The algorithm creates a hierarchy of leaf-clusters by changing the minimum
cluster size. As this parameter varies, clusters appear or disappear. For each
minimum cluster size, the algorithm measures how long these leaf-clusters
persist. It then selects the minimum cluster size where the total persistence is
highest, giving the most stable clustering. You can visualize this hierarchy
using the ``leaf_tree_`` attribute, which provides an alternative to HDBSCAN*'s
condensed cluster tree.

```python
clusterer.leaf_tree_.plot(leaf_separation=0.1)
plt.show()
```

![leaf tree](./docs/_static/leaf_tree.png)

You can also explore how the clustering changes for other important values of
the minimum cluster size.

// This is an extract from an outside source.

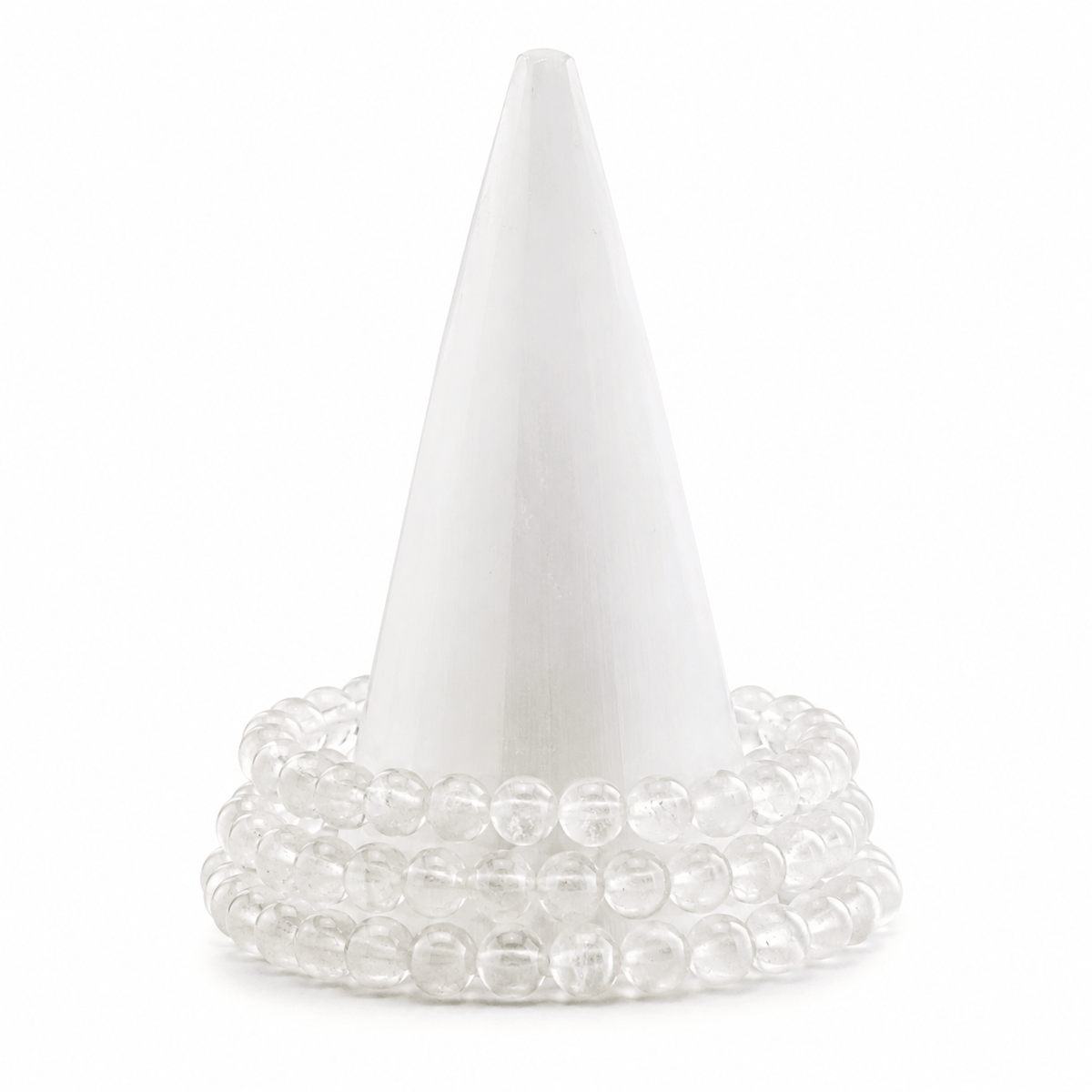 Medium clear quartz bracelet with smooth, polished beads, designed by Milk and Honey, showcasing elegant jewelry craftsmanship.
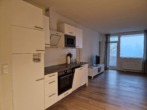 Wohnzimmer mit Küchenzeile - Appartement im Ferienpark Hahnenklee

The ``cluster_layers`` method automatically finds the
most persistent clusterings and returns their cluster labels and membership
strengths.

```python
layers = clusterer.cluster_layers(max_peaks=4)
for i, (size, labels, probs) in enumerate(layers):
  plt.subplot(2, 2, i + 1)
  plt.scatter(
    *data.T,
    c=labels % 10,
    alpha=np.maximum(0.1, probs),
    s=1,
    linewidth=0,
    cmap="tab10",
  )
  plt.title(f"min_cluster_size={int(size)}")
  plt.axis("off")
plt.subplots_adjust(left=0, right=1, top=1, bottom=0)
plt.show()
```

![layers](./docs/_static/layers.png)

## Installation instructions

Pre-build binaries are available on [pypi](https://badge.fury.io/py/fast-plscan)
and [conda-forge](https://anaconda.org/conda-forge/fast-plscan), so the package
can be installed with `pip`, `conda`, and similar package managers on most
systems:

```bash
conda install conda-forge::fast-plscan
```
or
```bash
pip install fast_plscan
```

See [our
documentation](https://fast-plscan.readthedocs.io/en/latest/local_development.html)
for instructions on compiling the package locally.

## Citing

When using this work, please cite [our preprint](https://arxiv.org/abs/2512.16558):

```bibtex
@misc{bot2025plscan,
  title         = {Persistent Multiscale Density-based Clustering},
  author        = {Dani{\"{e}}l Bot and Leland McInnes and Jan Aerts},
  year          = {2025},
  eprint        = {2512.16558},
  archiveprefix = {arXiv},
  primaryclass  = {cs.LG},
  url           = {https://arxiv.org/abs/2512.16558}
}
```

## Licensing

The ``fast-plscan`` package has a 3-Clause BSD license.